Voor de vrederechter van Beveren stond een man die zijn sociale woning
niet wilde verlaten. Hij had nochtans zelf de huur opgezegd omdat hij
bezoekrecht kreeg met zijn dochtertje en nood had aan een ruimere
woning. Hij zou die dan huren met een vriend, kwestie van de huur te
kunnen betalen. Maar, halverwege de opzegtermijn, bedacht de man zich en
vroeg aan het sociaal verhuurkantoor te mogen blijven. Het
verhuurkantoor weigerde want de opzeg was een feit. Het vroeg aan de
vrederechter het einde van de huurovereenkomst te bevestigen.

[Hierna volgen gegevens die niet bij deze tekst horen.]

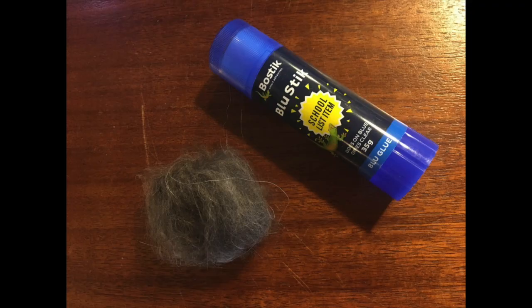Keep rubbing the fur until it sticks together nicely. Then take your glue stick and start rubbing glue on your chin where you'd like to put the dog hair, to represent the hair on your chin person.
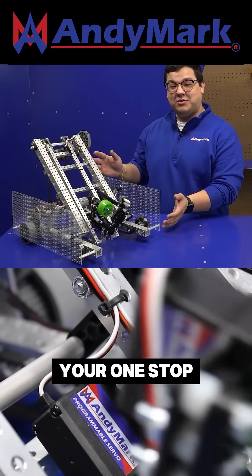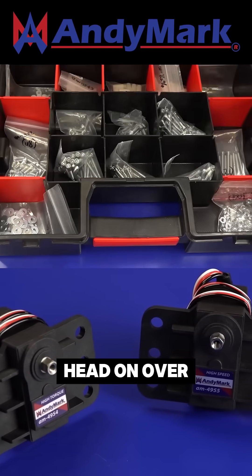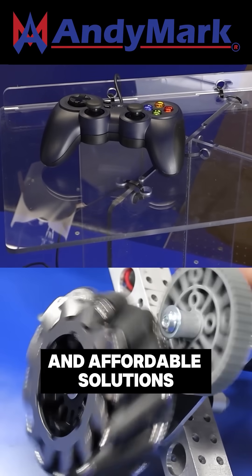Animark is your one-stop shop for all your box competition needs. From mechanical and electrical products to tools and hardware, head on over to animark.com for high quality and affordable solutions.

Volgens de vrederechter had de man - hij worstelde met zijn gezondheid
en had ook financiële problemen - onvoldoende kennis van de harde
realiteit op de privéwoningmarkt. Misschien had hij ook opgezegd om het
risico uit te sluiten twee maal huur te moeten betalen. Maar, opperde de
vrederechter, kwetsbare personen nemen niet altijd de juiste
beslissingen en hebben geen besef van de harde realiteit van de
privéwoningmarkt, waar niet zelden huurders zomaar worden geweigerd. En,
is een sociaal verhuurkantoor er niet om kwetsbare burgers die geen kans
maken op de privémarkt te beschermen? Welk nadeel lijdt het sociaal
verhuurkantoor trouwens, vroeg de vrederechter zich af, nu de woning nog
niet aan een andere kandidaat-huurder was toegezegd? Geen enkel, vond de
vrederechter en weigerde het verhuurkantoor de toelating om de huurder
uit te zetten. Het sociaal verhuurkantoor had zich immers, zonder
ernstige reden, willen ontdoen van een sociaal zwakke huurder. Precies
diegene voor wie het moet opkomen, aldus de vrederechter.